Digital Millennium Copyright Act

Enacted in 1998, the Digital Millennium Copyright Act (DMCA) was the legislative response to U.S. implementation of the World Intellectual Property (WIPO) copyright treaty (The Digital Millennium Copyright Act of 1998: U.S. Copyright Office Summary. 1998). Passage of this and similar legislation resulted largely in the Internet as we know it today–a compromise between copyright holders, who seek to protect their content from rampant reproduction and distribution via the Web, and Internet Service Providers (ISP), who want limited liability for content users’ indiscriminate infringement activities on their networks. At a local level, provisions in the DMCA significantly affect campus file sharing behavior at George Mason University.

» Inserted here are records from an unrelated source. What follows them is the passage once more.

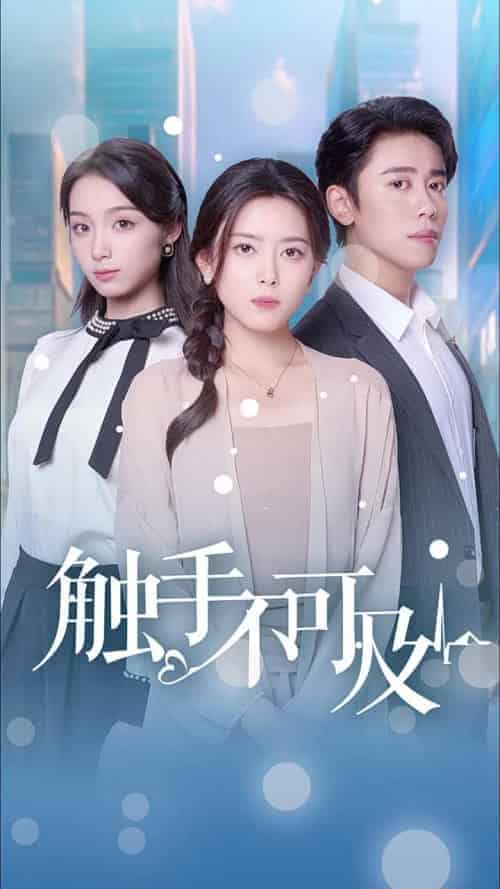 触手不可及(30集全)-搜外项目网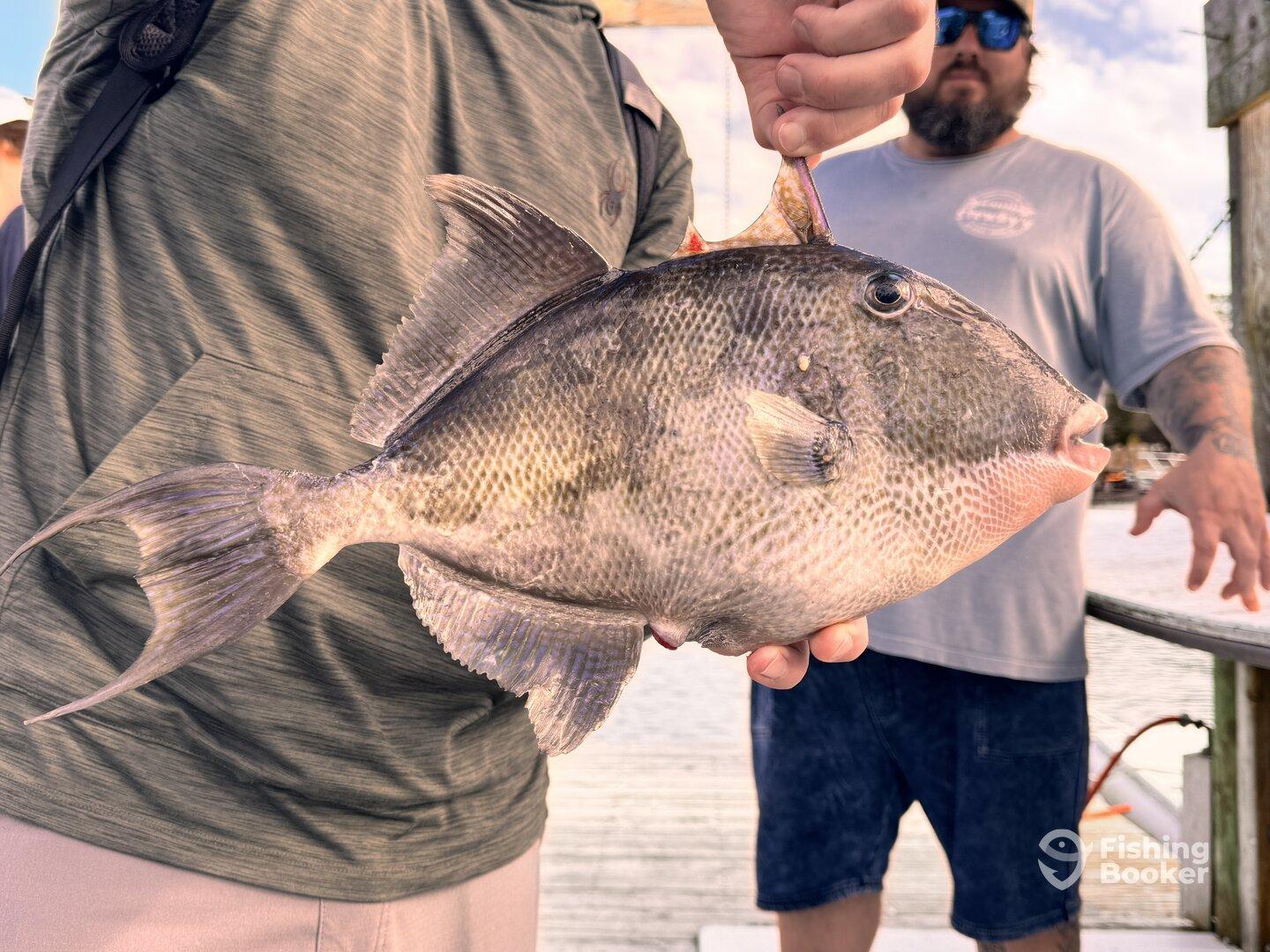 A proud angler displays a freshly caught fish, showcasing a successful day of fishing at the dock.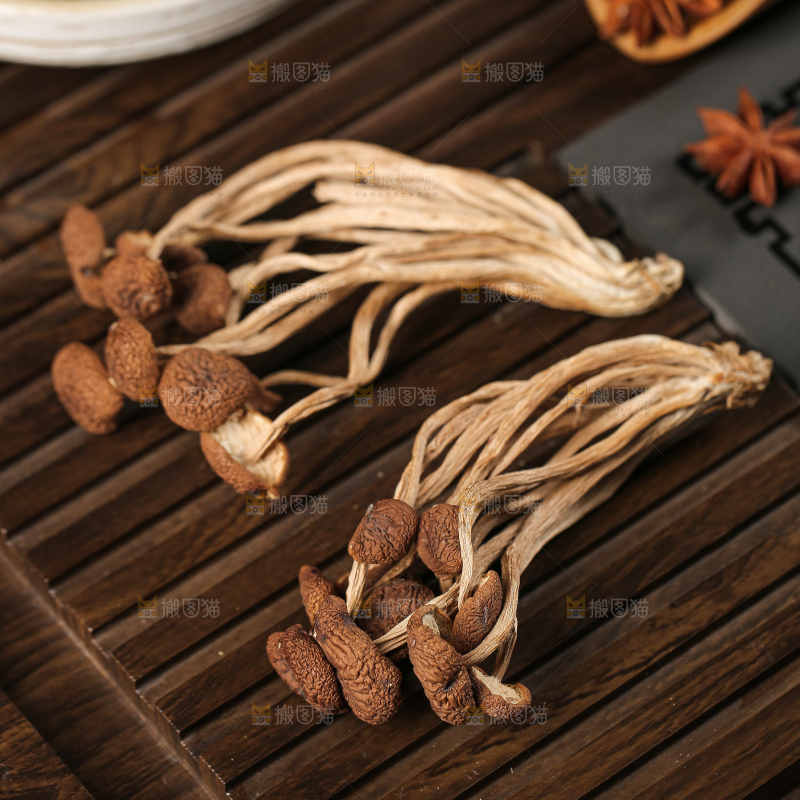 茶树菇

Section 512(c) of the DMCA specifically limits the liability of the University, as the ISP for our community, for copyright infringements made by students, faculty, and staff. This protection is granted as long as the University:

  • has no knowledge of the infringing activity,
  • does not receive a financial benefit directly connected to infringing activity over which it has control,
  • removes or blocks access to material, upon receipt of a notice claiming copyright infringement,
  • has a written copyright policy, and
  • has a designated agent, registered with the U.S. Copyright Office, to whom DMCA notices may be sent.

Cease-and-desist notices received by the Copyright Resources Office initiate the Stop It process at Mason, if an individual user is linked with a claimed copyright infringement.

What are the required elements for composing a legitimate DMCA cease-and-desist notice or counter notice? Here are a couple of websites–Automattic and YouTube–that suggest language. Or you may read the full text of the Digital Millennium Copyright Act (PDF). Refer to the Directory of Service Provider Agents, maintained by the U.S. Copyright Office, for a list of registered contacts to whom you may send a cease-and-desist notice. Only copyright owners, or their assignees, may submit a DMCA notice.

Bogus copyright complaints stifle creative expression on the Internet, as illustrated by the Electronic Frontier Foundation’s Takedown Hall of Shame. See these examples of lame DMCA notices for situations in which a DMCA notice should not have been sent.

Individuals may report cease-and-desist notices sent or received to the Chilling Effects Clearinghouse.